Following the travails of President Obama’s health reform is a bit like watching successive episodes of the movie serial, The Perils of Pauline, in which the eponymous damsel weekly faced death from assorted villains. Whether the would-be slayers of Obamacare are villains or heroes is, of course, debatable. That they are tireless is not. Calendar year 2015 brings two more threats, or opportunities, depending on one’s politics.

The first is yet another Supreme Court challenge. The second comes from various measures that the Republican-controlled Congress may send to the president’s desk to weaken or undo his flagship reform when they take over in January. And, as some opponents of Obamacare stress, the two are related.
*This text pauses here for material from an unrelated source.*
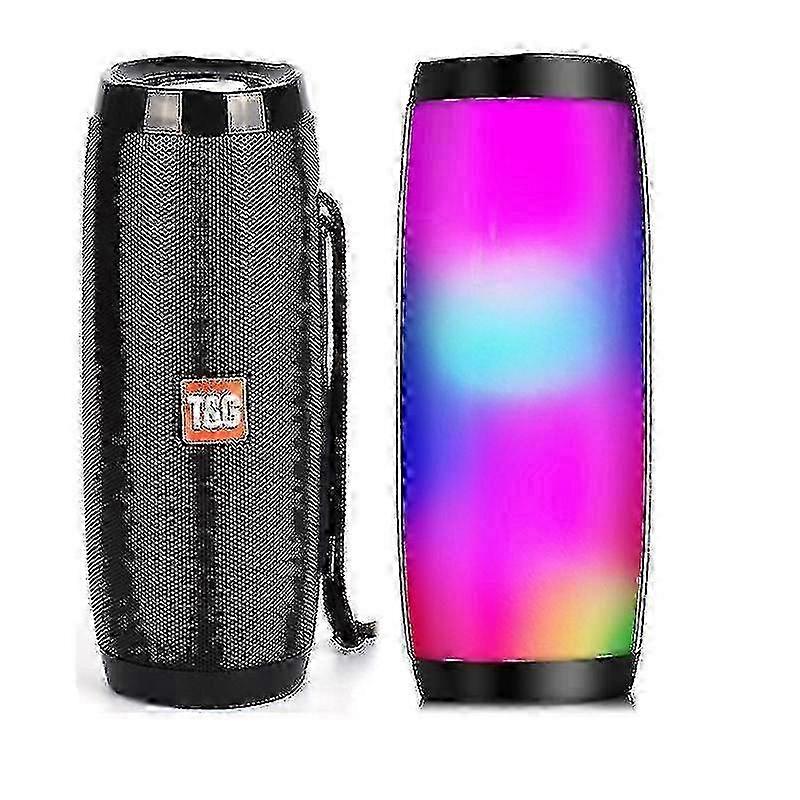 e wireless tooth speaker colorful portable double horn tg165c stereo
The court challenge results from less-than-artful wording of the health reform law itself. The law requires most people to carry insurance. To make that mandate affordable, the law also provides tax credits to low- and moderate-income households to help them pay premiums and additional help complying with cost-sharing requirements. Congress, the Congressional Budget Office, and everyone else understood that this assistance was necessary to make sure that nearly everyone carried insurance—how could Congress require almost everyone to carry insurance if they couldn’t afford it? And making coverage nearly universal was a precondition for the provisions that prevent insurance companies from denying coverage, or charging sky-high premiums to sick people, and for imposing other insurance regulations.

Although these core principles were clear enough, the law was crafted in five different Congressional committees. Some drafters envisaged a single national health insurance exchange; some wanted to allow states to manage their own. In the end, the law explicitly authorized the payment of premium and cost-sharing assistance by exchanges ‘established by a state.’ Opponents now allege that this wording bars payment of financial assistance to anyone in the 34 states that have chosen to let the federal government manage operations within their borders. They have asked the courts to embrace that reading of the law.

That interpretation ignores the provisions in the law that indicate that in those 34 states the federal government is acting as an agent for the states, not as a substitute for them. It ignores legislative history that shows Congress clearly intended to provide financial assistance in all states. It also ignores a well-established legal principle that courts are bound to interpret a law in light of the intent of those who enacted it and the logic of the legislation. This last point is central, as requiring people to buy insurance, simultaneously denying them the financial assistance to make if affordable, and punishing them if they don’t buy insurance would have been nonsensical and perverse.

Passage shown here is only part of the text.